The structure of the petitions is remarkably uniform. In each there are a prayer and a plea, and in most of them a direct invocation of God. So I have thought that, if we put them all together now, we may get some lessons as to the invocations, the petitions, and the pleas of true prayer; or, in other words, we may be taught how to lay hold of God, what to ask from Him, and how to be sure of an answer.

I. First, the lesson as to how to lay hold upon God.

The divine names in this psalm are very frequent and significant, and the order in which they are used is evidently intentional. We have the great covenant name of Jehovah set in the very first verse, and in the last verse; as if to bind the whole together with a golden circlet. And then, in addition, it appears once in each of the other two sections of the psalm, with which we have nothing to do at present. Then we have, further, the name of God employed in each of the sections; and further, the name of Lord, which is not the same as Jehovah, but implies the simple idea of superiority and authority. In each portion of the psalm, then, we see the writer laying his hand, as it were, upon these three names—'Jehovah,' 'my God,' 'Lord'—and in all of them finding grounds for his confidence and reasons for his cry.

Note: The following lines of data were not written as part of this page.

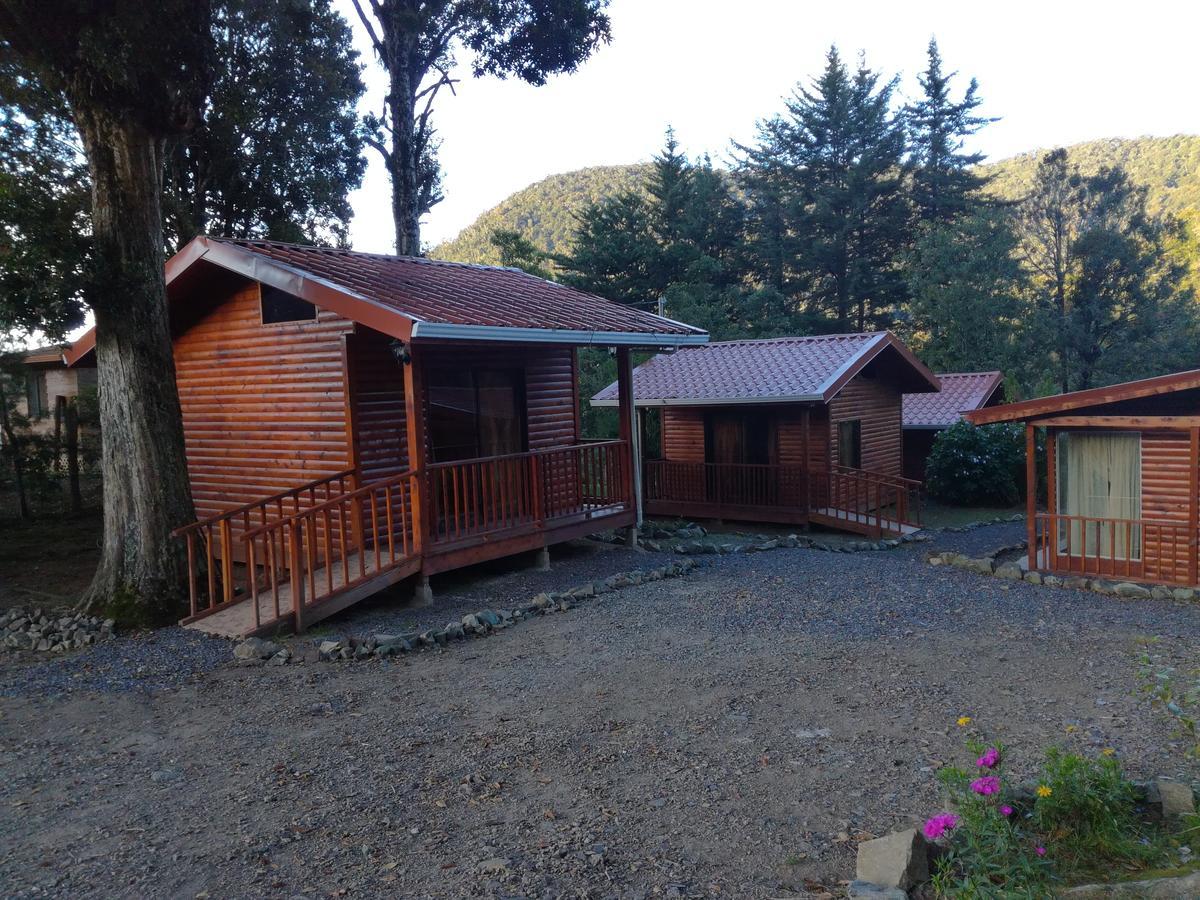 Cabanas San Gerardo Сан-Херардо-де-Дота Экстерьер фото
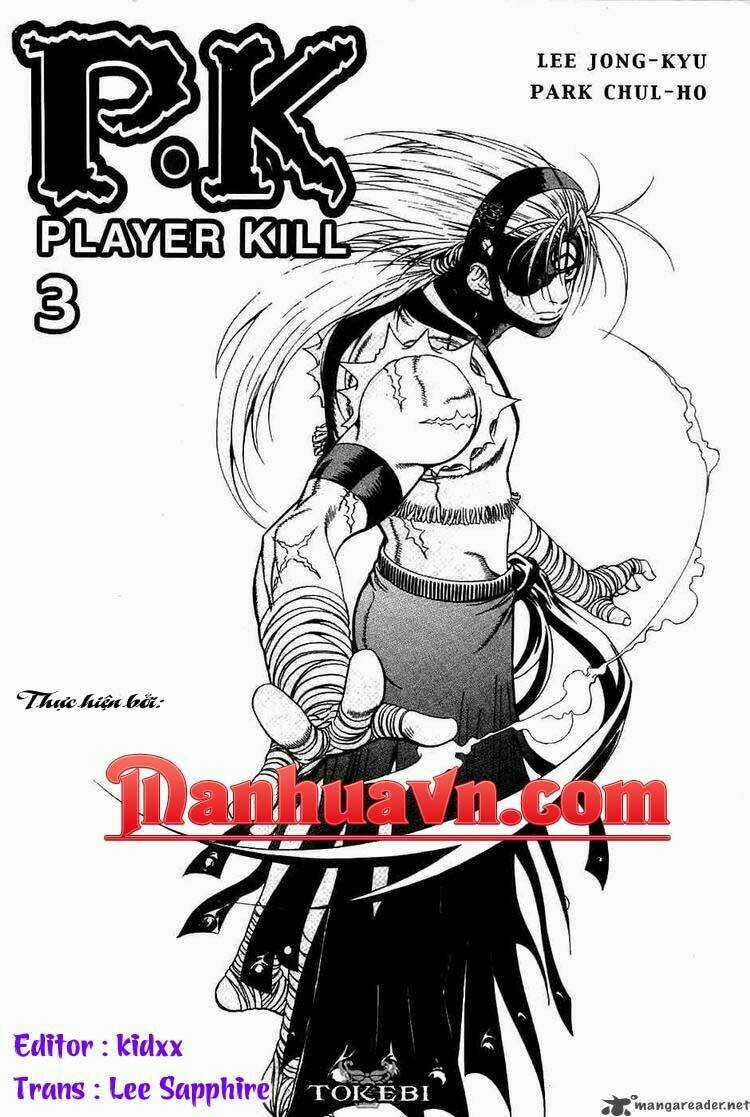 Player Kill Chapter 14 trang 1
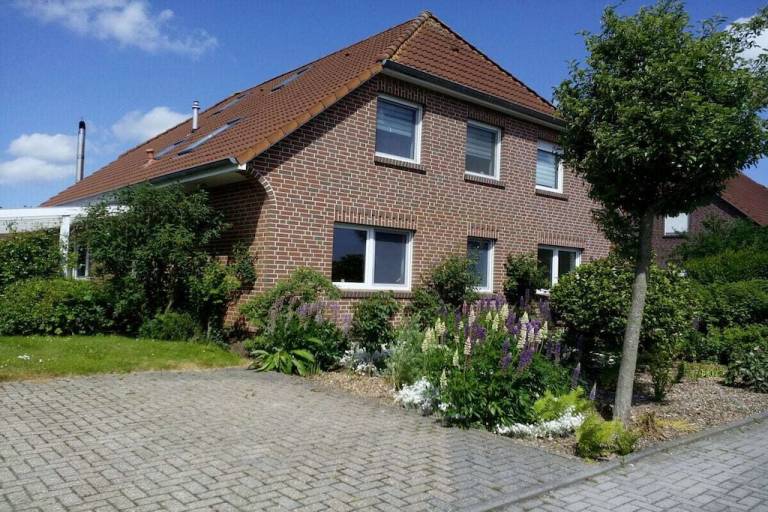 Ferienhaus  Berumbur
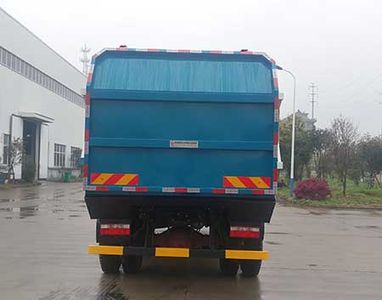 China National Automobile Corporation ZQZ5183ZDJDB6 Compressed docking garbage truck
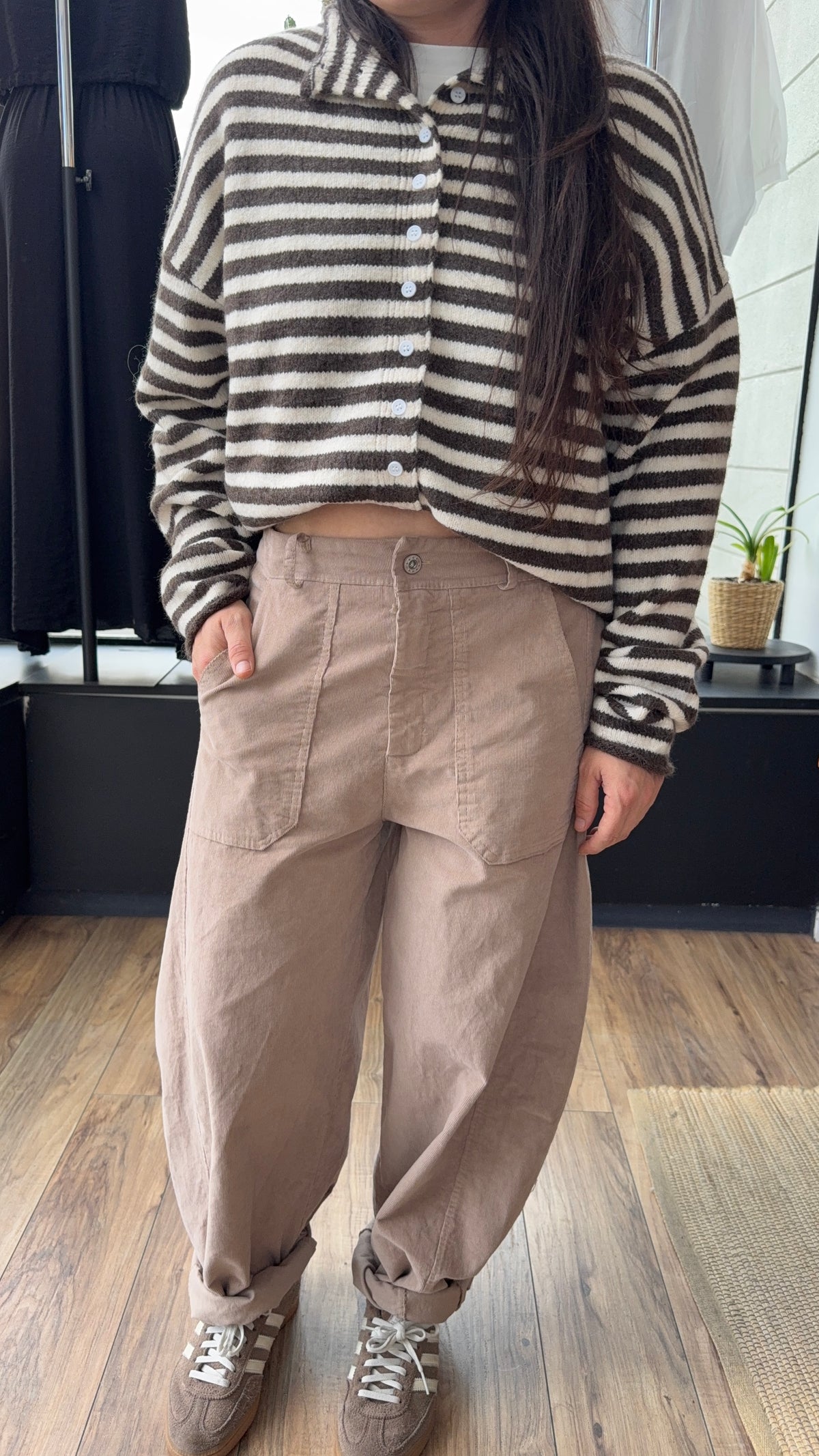 Pant. CAPU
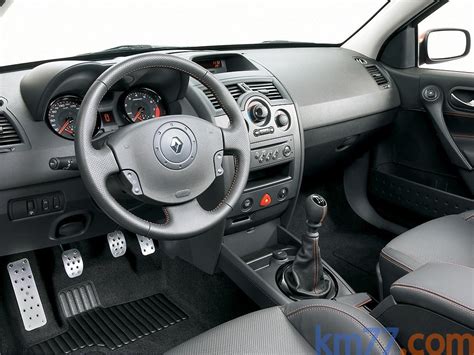 Renault Megane 2005 interni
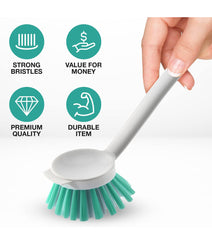 Dish brush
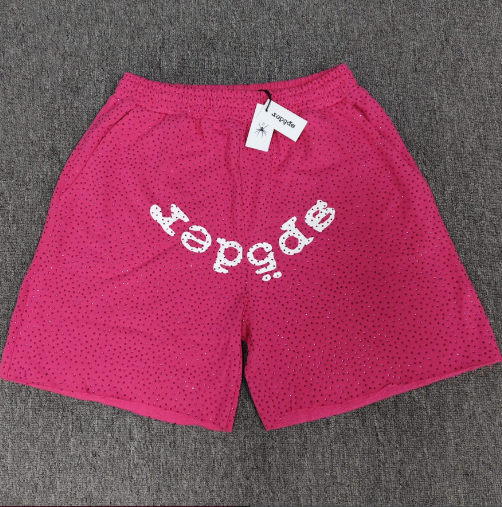 SP5DER Shorts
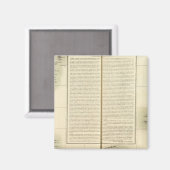 China, Asien 88 Magnet (Vorderseite/Rückseite)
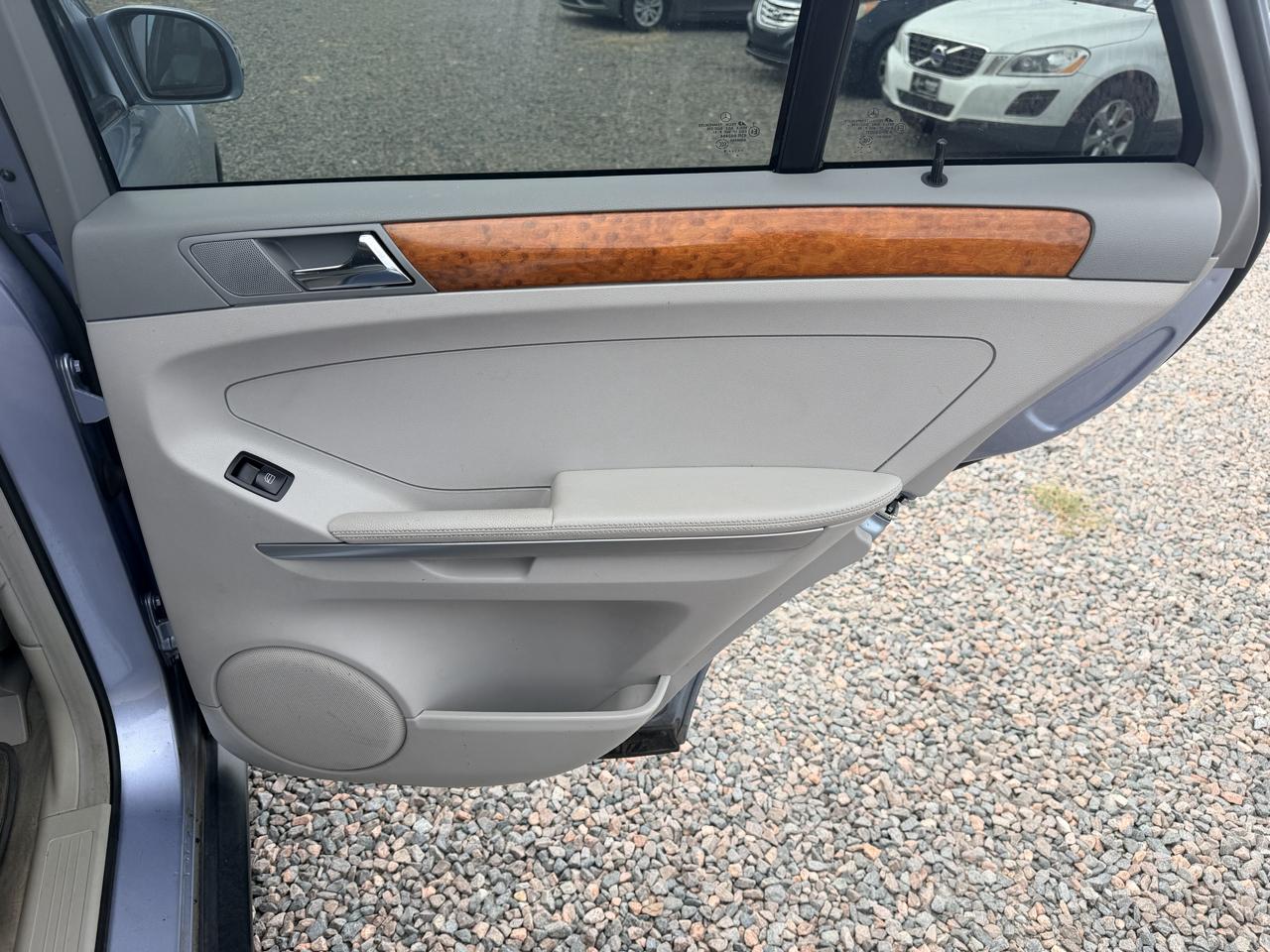 Mercedes-Benz M-Class ML350 2008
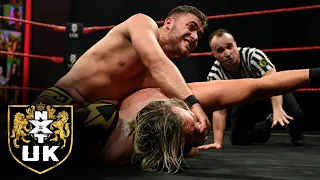 Seven battles A-Kid for the Heritage Cup and more: NXT UK highlights, Nov. 25, 2020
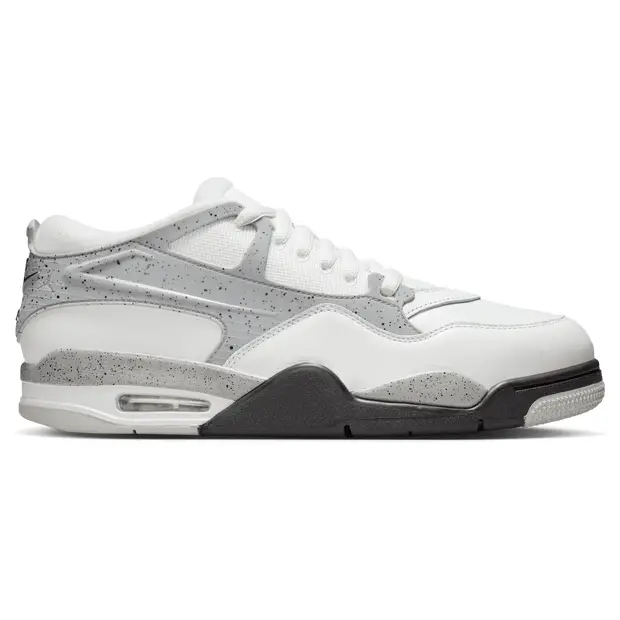 Jordan 4Rm Uomo - Sneakers Bianco - .5 - Cuoio White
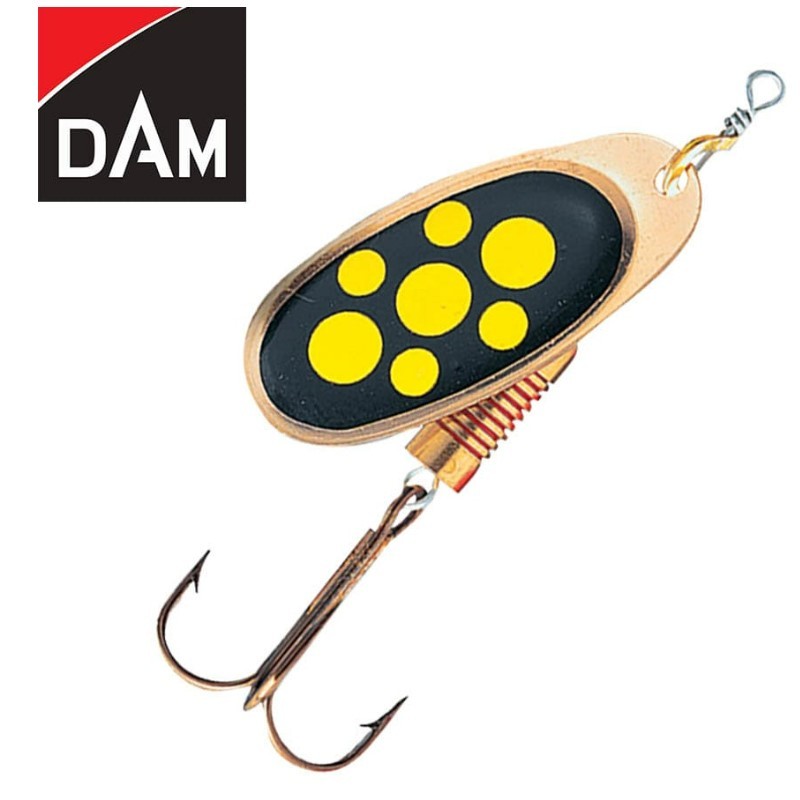 Dam Effzett Standard Spinner 2 - 4g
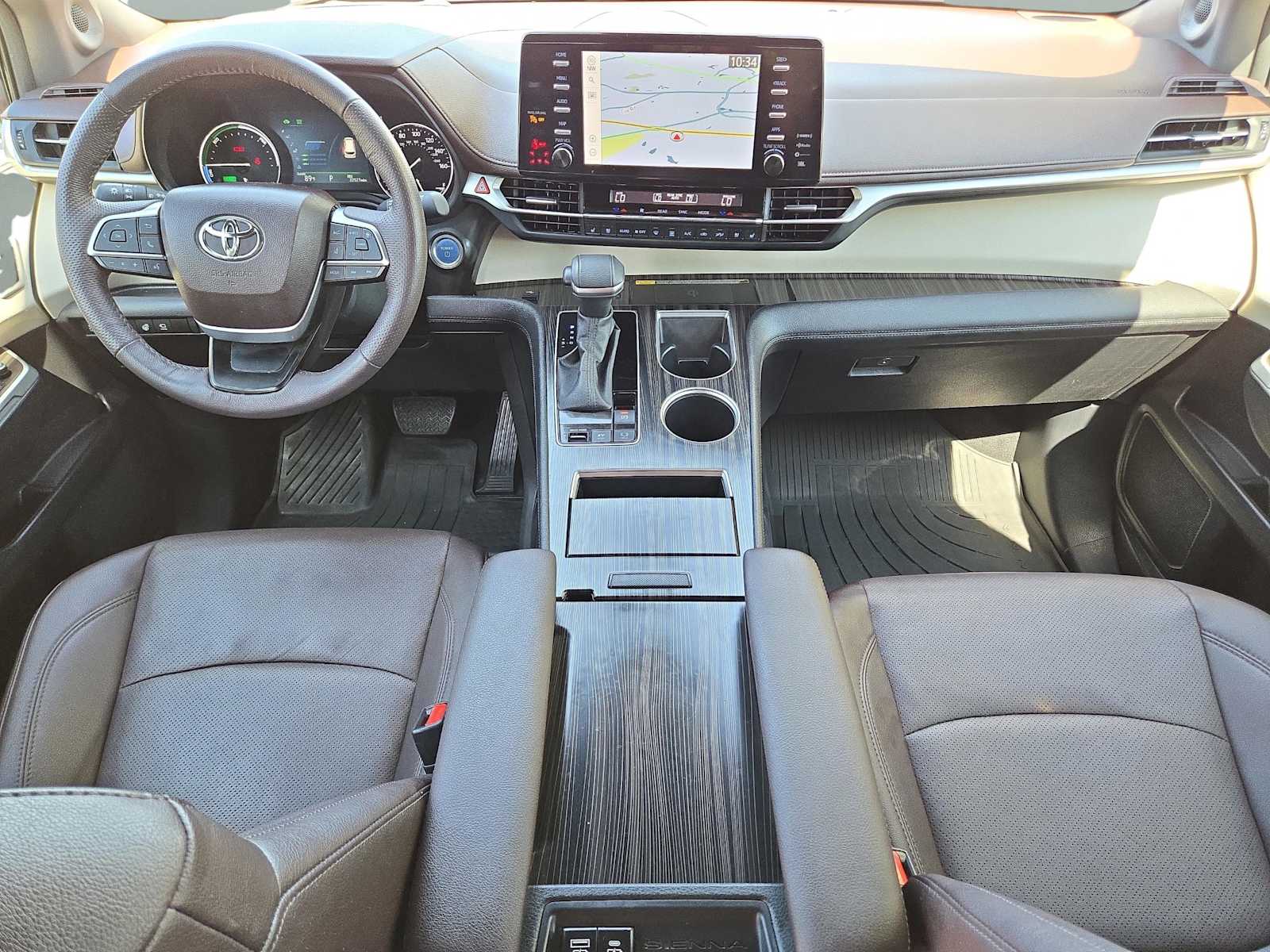 2024 Toyota Sienna Platinum photo 14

Nothing in our prayers is often more hollow and unreal than the formal repetitions of the syllables of that divine name, often but to fill a pause in our thoughts. But to 'call upon the Name of the Lord' means, first and foremost, to bring before our minds the aspects of His great and infinite character, which are gathered together into the Name by which we address Him. So when we say 'Jehovah!' 'Lord!' what we ought to mean is this, that we are gazing upon that majestic, glorious thought of Being, self-derived, self-motived, self-ruled, the being of Him whose Name can only be, 'I am that I am.' Of all other creatures the name is, 'I am that I have been made,' or 'I am that I became,' but of Him the Name is, 'I am that I am.' Nowhere outside of Himself is the reason for His being, nor the law that shapes it, nor the aim to which it tends. And this infinite, changeless Rock is laid for our confidence, Jehovah the Eternal, the Self-subsisting, Self-sufficing One.

There is more than that thought in this wondrous Name, for it not only expresses the timeless, unlimited, and changeless being of God, but also the truth that He has entered into what He deigns to call a Covenant with us men. The name Jehovah is the seal of that ancient Covenant, of which, though the form has vanished, the essence abides for ever, and God has thereby bound Himself to us by promises that cannot be abrogated. So that when we say, 'O Lord!' we summon up before ourselves, and grasp as the grounds of our confidence, and we humbly present before Him as the motives, if we may so call them, for His action, His own infinite being and His covenanted grace.

Then, further, our psalm invokes 'my God.' That names implies in itself, simply, the notion of power to be reverenced. But when we add to it that little word 'my,' we rise to the wonderful thought that the creature can claim an individual relation to Him, and in some profound sense a possession there. The tiny mica flake claims kindred with the Alpine peak from which it fell. The poor, puny hand, that can grasp so little of the material and temporal, can grasp all of God that it needs.